In the data below, find each line that contains the word "gray" and copy it.

----- TASK INPUTS -----

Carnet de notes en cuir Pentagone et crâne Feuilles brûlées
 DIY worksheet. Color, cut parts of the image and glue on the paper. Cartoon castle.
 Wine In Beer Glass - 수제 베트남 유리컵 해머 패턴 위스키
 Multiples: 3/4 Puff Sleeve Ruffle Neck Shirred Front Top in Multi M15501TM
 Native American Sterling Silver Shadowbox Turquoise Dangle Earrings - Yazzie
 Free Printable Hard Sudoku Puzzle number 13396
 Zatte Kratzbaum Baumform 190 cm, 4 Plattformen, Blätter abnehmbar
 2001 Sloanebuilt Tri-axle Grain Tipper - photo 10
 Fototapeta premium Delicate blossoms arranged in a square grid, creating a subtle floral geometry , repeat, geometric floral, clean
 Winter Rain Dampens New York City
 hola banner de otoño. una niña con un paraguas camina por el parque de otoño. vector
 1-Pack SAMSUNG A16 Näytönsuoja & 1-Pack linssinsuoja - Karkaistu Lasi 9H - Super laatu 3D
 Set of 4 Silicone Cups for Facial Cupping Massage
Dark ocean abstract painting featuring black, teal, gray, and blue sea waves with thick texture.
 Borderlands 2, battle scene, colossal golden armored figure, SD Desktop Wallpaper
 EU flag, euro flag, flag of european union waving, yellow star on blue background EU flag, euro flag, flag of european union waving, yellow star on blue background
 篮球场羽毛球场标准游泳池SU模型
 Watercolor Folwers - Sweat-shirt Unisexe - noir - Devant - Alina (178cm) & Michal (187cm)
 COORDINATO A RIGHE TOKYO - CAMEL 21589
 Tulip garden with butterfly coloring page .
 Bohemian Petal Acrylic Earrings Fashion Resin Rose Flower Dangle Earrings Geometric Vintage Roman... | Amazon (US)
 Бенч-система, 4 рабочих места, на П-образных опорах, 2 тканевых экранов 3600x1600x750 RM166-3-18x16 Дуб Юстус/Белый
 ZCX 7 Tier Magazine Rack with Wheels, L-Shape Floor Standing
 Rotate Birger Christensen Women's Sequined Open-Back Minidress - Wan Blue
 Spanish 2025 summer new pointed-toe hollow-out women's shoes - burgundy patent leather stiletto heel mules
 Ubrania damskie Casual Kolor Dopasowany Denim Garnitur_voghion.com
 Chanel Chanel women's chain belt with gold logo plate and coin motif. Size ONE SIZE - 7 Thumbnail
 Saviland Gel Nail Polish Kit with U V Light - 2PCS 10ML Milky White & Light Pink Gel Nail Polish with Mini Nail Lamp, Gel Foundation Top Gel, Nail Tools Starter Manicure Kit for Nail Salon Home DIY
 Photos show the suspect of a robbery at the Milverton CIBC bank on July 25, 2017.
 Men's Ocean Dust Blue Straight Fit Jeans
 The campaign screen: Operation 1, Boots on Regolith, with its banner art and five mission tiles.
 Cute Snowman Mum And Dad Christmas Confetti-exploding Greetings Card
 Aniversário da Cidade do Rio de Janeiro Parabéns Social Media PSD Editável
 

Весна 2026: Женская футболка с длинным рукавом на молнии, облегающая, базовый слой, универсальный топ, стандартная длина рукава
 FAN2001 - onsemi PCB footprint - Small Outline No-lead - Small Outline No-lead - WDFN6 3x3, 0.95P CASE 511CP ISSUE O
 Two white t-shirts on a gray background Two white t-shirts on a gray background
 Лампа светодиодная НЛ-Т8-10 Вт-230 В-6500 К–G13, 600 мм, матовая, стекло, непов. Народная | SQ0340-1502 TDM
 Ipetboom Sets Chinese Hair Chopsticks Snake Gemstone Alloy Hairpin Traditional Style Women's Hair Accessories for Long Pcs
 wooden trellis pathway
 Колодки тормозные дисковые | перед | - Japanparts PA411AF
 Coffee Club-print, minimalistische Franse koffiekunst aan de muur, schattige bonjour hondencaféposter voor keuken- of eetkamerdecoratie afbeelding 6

-----

### [REPLY TO THE TASK]
Dark ocean abstract painting featuring black, teal, gray, and blue sea waves with thick texture.
 Two white t-shirts on a gray background Two white t-shirts on a gray background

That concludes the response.